# Activating OEM Bluetooth in RCD 510 With VAG or VCDS



## guilhermeloureiro (Mar 25, 2011)

Hi guys. I bought a OEM / Geniune VW Bluetooth KIT RCD RNS 510 MFD3 A2DP from Ebay and don't know how to activate the equipment. I went to a VW dealer today but, they don't know either. Somebody help me? I need a tutorial to teache me step by step how to use the VAG to activate the bluetooth. Regards to all.


----------



## Dana @ Ross-Tech (Sep 15, 2009)

Do you own VCDS? If so post the Auto-Scan here so we can see what modules are installed in this vehicle and how they are coded.

If you don't own VCDS try the Vag-Com Locator thread on the main page and provide some information about the Year, Make and Model of this vehicle so we can point you in the right direction.

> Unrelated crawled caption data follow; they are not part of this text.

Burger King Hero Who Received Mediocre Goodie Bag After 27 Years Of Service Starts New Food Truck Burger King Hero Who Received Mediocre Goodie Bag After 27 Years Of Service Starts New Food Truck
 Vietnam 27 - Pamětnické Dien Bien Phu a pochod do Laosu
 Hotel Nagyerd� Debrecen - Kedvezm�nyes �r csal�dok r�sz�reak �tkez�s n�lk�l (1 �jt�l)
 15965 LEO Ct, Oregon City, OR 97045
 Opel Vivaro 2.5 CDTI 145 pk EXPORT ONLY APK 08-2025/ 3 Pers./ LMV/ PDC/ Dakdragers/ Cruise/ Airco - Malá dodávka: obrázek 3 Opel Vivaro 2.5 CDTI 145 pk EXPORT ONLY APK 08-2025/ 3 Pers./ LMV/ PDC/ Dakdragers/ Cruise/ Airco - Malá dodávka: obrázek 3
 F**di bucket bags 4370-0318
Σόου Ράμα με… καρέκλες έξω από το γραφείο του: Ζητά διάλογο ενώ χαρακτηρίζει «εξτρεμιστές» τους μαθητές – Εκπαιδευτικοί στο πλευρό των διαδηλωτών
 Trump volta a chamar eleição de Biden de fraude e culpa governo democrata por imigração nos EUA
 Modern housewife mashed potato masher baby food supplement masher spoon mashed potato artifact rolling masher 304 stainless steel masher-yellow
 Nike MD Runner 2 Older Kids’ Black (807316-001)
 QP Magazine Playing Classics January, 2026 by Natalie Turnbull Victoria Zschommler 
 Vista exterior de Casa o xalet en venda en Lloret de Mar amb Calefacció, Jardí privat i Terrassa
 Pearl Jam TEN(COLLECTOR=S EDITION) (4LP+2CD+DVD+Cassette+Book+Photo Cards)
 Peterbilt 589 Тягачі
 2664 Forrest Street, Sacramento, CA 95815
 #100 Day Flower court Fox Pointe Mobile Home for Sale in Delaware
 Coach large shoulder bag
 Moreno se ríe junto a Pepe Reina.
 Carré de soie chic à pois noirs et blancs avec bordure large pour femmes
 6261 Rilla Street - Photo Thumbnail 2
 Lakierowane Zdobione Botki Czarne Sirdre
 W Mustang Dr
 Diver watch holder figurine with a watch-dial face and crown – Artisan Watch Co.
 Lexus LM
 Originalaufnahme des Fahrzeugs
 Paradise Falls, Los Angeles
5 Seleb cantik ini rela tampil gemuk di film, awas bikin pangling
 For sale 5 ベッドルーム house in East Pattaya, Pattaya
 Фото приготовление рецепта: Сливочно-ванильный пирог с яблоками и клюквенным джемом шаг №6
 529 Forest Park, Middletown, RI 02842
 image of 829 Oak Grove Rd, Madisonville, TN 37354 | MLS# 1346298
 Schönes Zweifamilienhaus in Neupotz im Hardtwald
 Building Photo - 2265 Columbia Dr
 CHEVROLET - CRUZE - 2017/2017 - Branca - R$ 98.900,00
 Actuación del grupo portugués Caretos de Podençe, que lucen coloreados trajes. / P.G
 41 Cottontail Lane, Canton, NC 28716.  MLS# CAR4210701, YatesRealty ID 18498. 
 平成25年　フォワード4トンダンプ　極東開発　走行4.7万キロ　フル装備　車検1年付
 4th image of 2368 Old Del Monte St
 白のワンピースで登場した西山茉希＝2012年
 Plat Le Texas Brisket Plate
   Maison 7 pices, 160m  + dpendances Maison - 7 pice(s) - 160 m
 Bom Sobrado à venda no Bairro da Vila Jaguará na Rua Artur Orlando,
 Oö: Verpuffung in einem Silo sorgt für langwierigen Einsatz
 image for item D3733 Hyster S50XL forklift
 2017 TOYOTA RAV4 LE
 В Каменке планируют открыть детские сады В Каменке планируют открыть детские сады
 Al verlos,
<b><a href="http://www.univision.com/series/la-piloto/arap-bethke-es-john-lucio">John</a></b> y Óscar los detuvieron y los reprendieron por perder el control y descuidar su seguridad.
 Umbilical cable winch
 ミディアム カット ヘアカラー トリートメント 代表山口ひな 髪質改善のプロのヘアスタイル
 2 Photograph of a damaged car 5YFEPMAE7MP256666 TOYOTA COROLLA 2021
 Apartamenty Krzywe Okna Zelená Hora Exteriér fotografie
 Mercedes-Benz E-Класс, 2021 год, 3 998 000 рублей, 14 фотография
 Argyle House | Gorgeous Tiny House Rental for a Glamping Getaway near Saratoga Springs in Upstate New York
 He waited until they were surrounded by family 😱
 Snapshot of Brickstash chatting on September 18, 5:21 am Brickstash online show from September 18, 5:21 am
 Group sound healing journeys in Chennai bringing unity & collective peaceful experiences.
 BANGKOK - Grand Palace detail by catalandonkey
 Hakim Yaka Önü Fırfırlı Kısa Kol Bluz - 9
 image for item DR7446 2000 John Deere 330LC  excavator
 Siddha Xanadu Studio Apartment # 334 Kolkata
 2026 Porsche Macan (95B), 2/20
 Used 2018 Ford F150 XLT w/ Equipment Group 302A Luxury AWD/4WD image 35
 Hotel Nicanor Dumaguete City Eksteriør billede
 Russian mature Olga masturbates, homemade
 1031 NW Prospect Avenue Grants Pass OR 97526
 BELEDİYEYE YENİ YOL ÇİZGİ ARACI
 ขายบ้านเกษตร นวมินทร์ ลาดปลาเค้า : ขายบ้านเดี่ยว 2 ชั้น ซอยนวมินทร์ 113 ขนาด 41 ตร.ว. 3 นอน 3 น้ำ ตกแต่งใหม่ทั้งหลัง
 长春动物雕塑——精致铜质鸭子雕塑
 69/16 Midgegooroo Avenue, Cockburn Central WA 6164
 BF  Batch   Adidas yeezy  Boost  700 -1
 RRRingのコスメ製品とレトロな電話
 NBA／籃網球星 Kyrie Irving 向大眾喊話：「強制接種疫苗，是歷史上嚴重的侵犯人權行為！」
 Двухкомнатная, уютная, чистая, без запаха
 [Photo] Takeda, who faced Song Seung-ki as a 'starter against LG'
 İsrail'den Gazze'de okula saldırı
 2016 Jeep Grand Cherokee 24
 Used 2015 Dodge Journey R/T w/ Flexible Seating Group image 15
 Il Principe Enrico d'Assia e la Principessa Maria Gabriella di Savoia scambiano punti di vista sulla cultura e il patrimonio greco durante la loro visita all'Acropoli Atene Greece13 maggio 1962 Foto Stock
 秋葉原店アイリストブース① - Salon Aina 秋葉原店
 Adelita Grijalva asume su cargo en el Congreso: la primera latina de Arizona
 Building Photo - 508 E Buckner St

The full part numbers of the telephone module would be helpful as well.

Ex:

http://wiki.ross-tech.com/wiki/index.php/Retrofitting#Navigation_System_Retrofitting

http://forums.vwvortex.com/showthread.php?4945645-DIY-9W7-Bluetooth-swap-from-9W2-on-RNS510

http://forums.vwvortex.com/showthread.php?4726719


----------